7. Conclusion and future work
This article proposes a swing-assist prosthesis and associated walking controller with the intent to improve walking tasks that are either entirely ballistic or bridge the gap between ballistic and non-ballistic movements. A preliminary study involving three participants with transfemoral amputation indicated that, relative to prescribed MPKs, the swing-assist prosthesis and walking controller increased the symmetry of peak knee angle across walking speeds and slopes, and similarly increased foot clearance. It is reasonable to suggest that such an increase in foot clearance offers users a gait, which, all else being equal, is less likely to be hindered by scuff or stumble perturbation. Analysis of hip power during these trials indicated that the observed differences were likely due to the difference in knee prosthesis, rather than user effort. That is, for nominally equivalent inputs at the hip, users experienced increased minimum foot clearance when using the SCSA device. The results presented herein indicate that swing-phase assistance may offer benefits during ambulation, particularly with respect to robustness and safety, when compared to energetically passive devices.
Supplementary material
To view supplementary material for this article, please visit https://doi.org/10.1017/wtc.2023.4.
Data availability statement
The data for this publication have not been made public as they are part of ongoing research.
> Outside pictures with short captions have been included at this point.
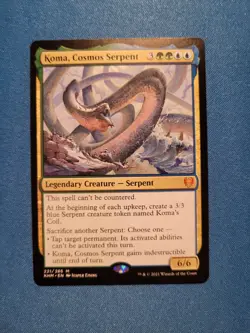 Koma, Cosmos Serpent Kaldheim NM Magic MTG - Image 1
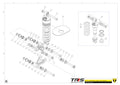 TRRS 2024 XTRACK ONE RR ELECTRIC START (COMPETITION) — 05TR Amortizators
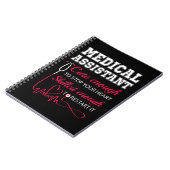 Carnet Assistant Médicale Mignonne Infirmière Stop Coeur  (Côté gauche)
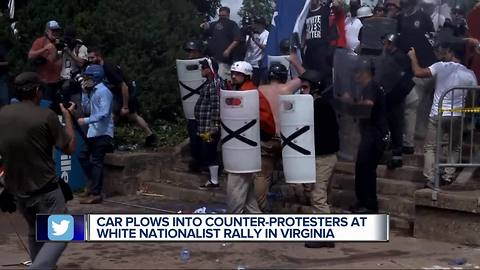 At least one dead as Virginia city rocked by white nationalist protests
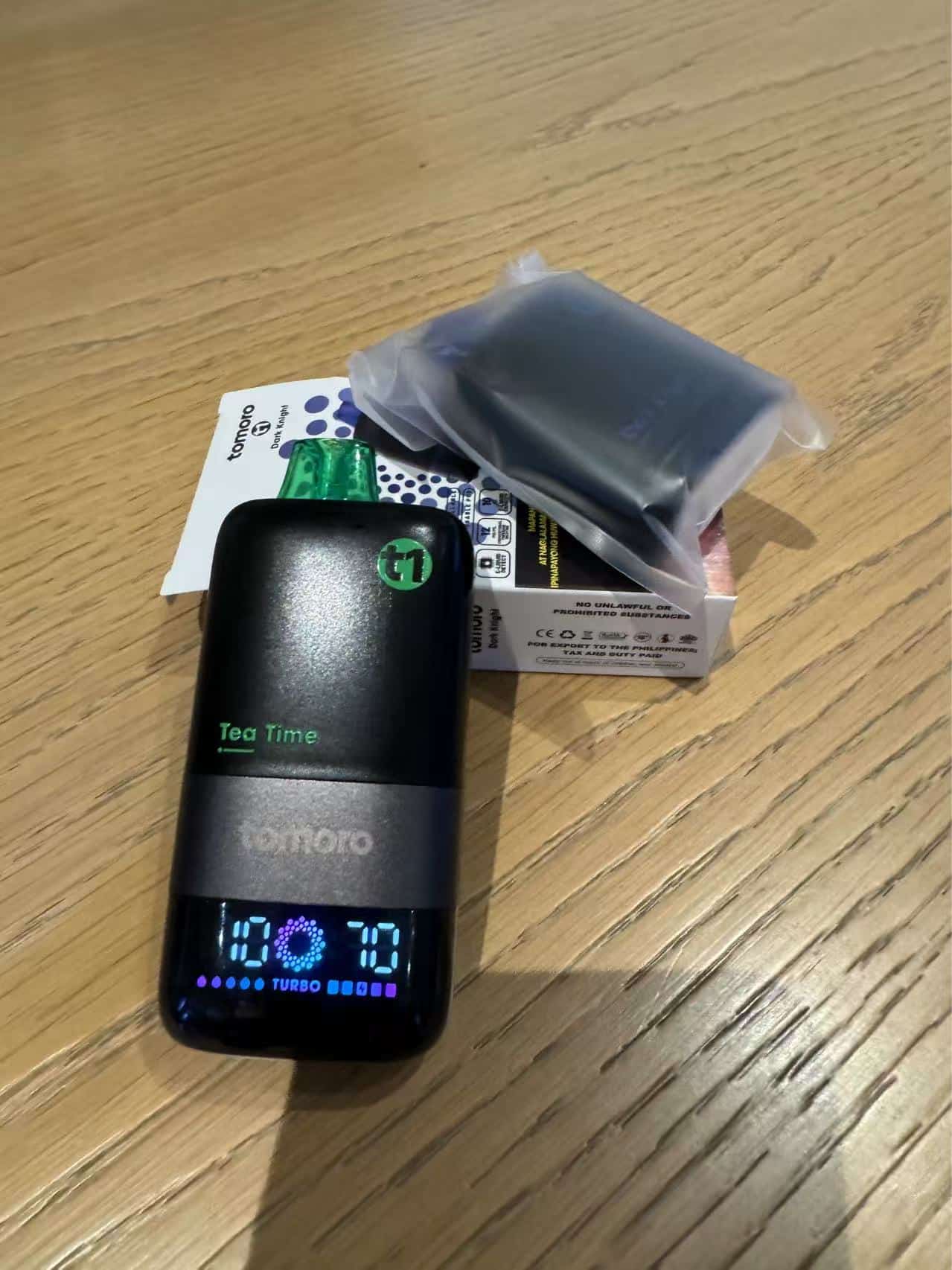 Tomoro T1 Rechargable Battery 650mAh photo review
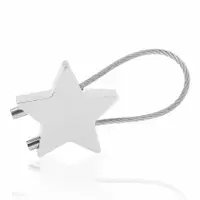在飛比找樂天市場購物網優惠-閃耀星星鋼絲鑰匙扣星語星愿鑰匙圈創意實用男士汽車可愛迷你禮品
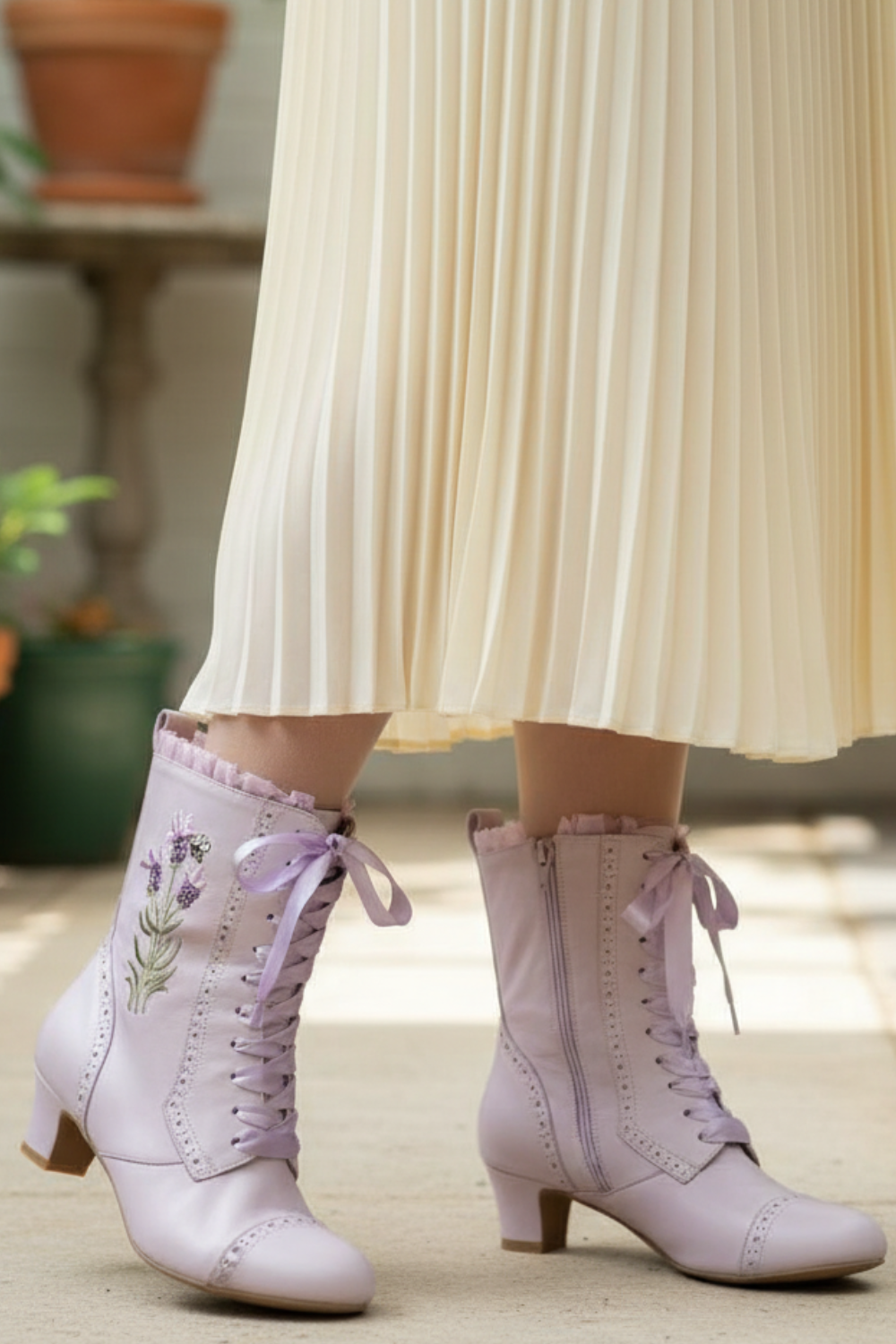 The Vibe is Lavende Dream Lavender Boots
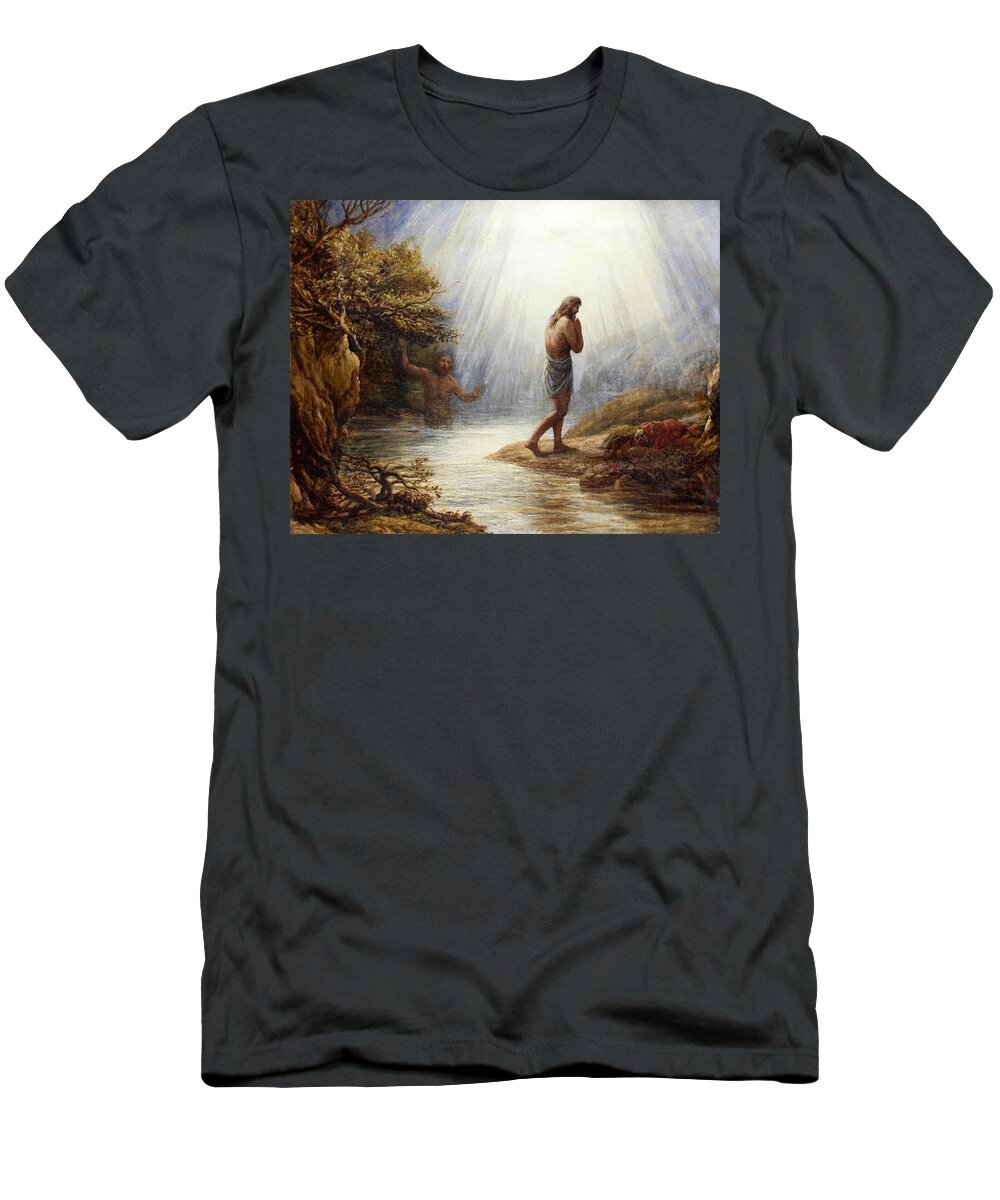 John Linnell T-Shirt featuring the painting Saint John the Baptist by John Linnell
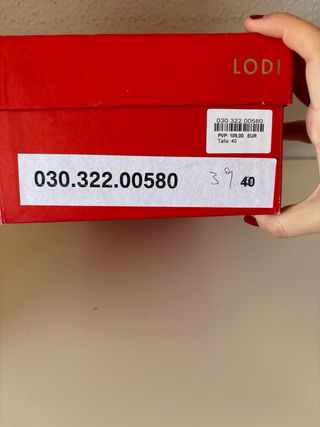 Tacones Lodi Rojos Talla 39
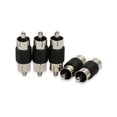 thumbnail image 2 of Rca Male To Male Rca Coupler Connector(4pcs, Black), 2 of 5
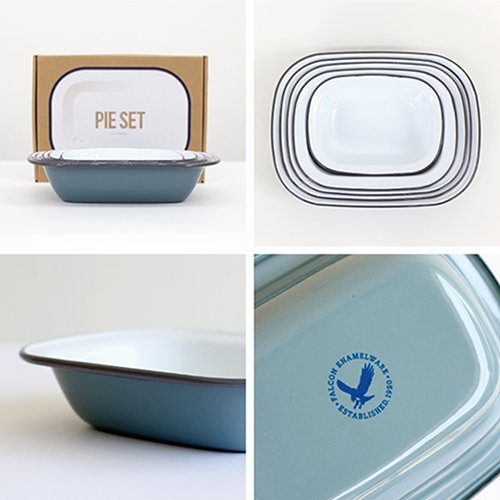 Amazon.co.jp: FALCON(ファルコン)ホーロー パイセット(パイ皿5点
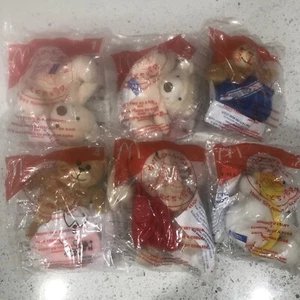 MacDonalds Build-A-Bear Happy Meal Toys 6 Bears - Picture 1 of 7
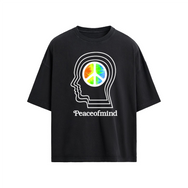 Peace Tie Dye Oversized T-shirt(190 GSM)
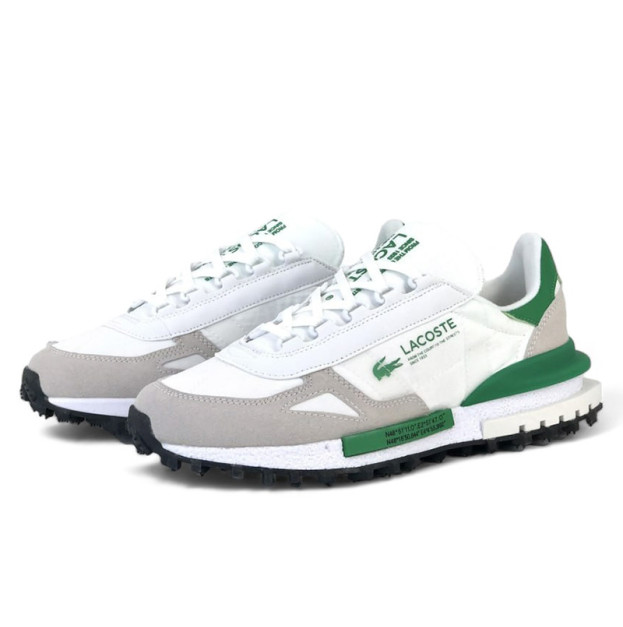 Lacoste Elite Active White Green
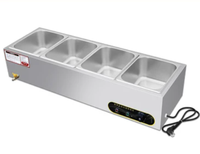 Bain-marie commercial en acier inoxydable pour comptoir, table de maintien au chaud pour la restauration rapide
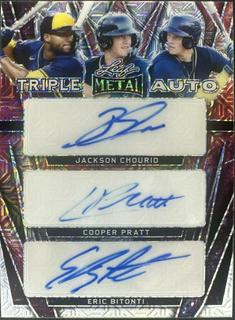Jackson Chourio / Cooper Pratt / Eric Bitonti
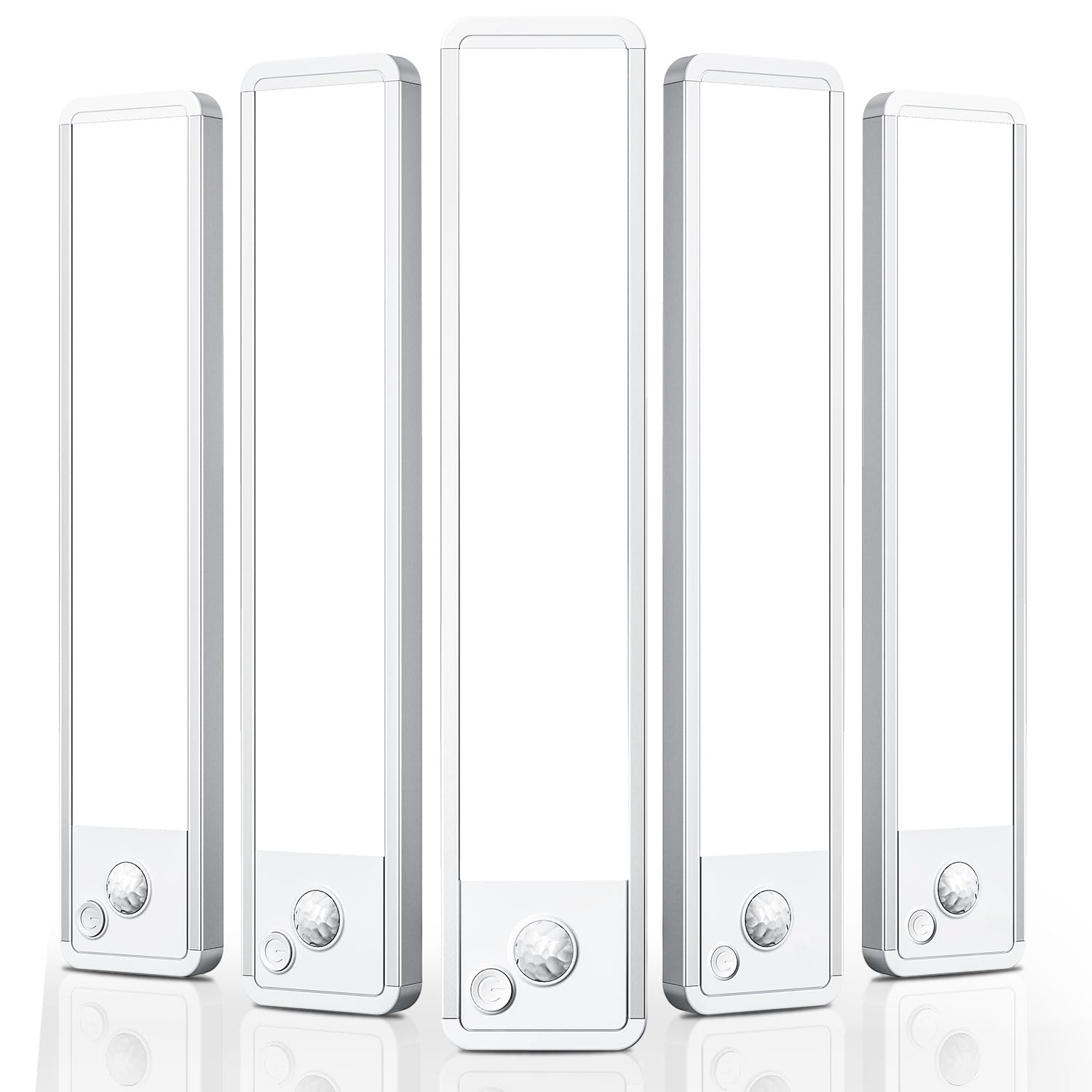 Under Cabinet Motion Sensor Lighting: Dimmable Rechargeable Lights Indoor - Battery Operated Lights - Undercabinet Wireless Closet Light Magnetic Led Light For Kitchen Home Bathroom Counter 5 Pack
Data can be provided to individuals upon reasonable request.
Authorship contributions
J.L. designed the device and controller described in the article. He designed and oversaw the study, and processed all data. M.G. advised and oversaw the process, and gave feedback throughout.
Funding statement
This work was supported by the National Science Foundation Grant Nos. 1937963 and 1445197.
Competing interests
The authors declare no competing interests exist.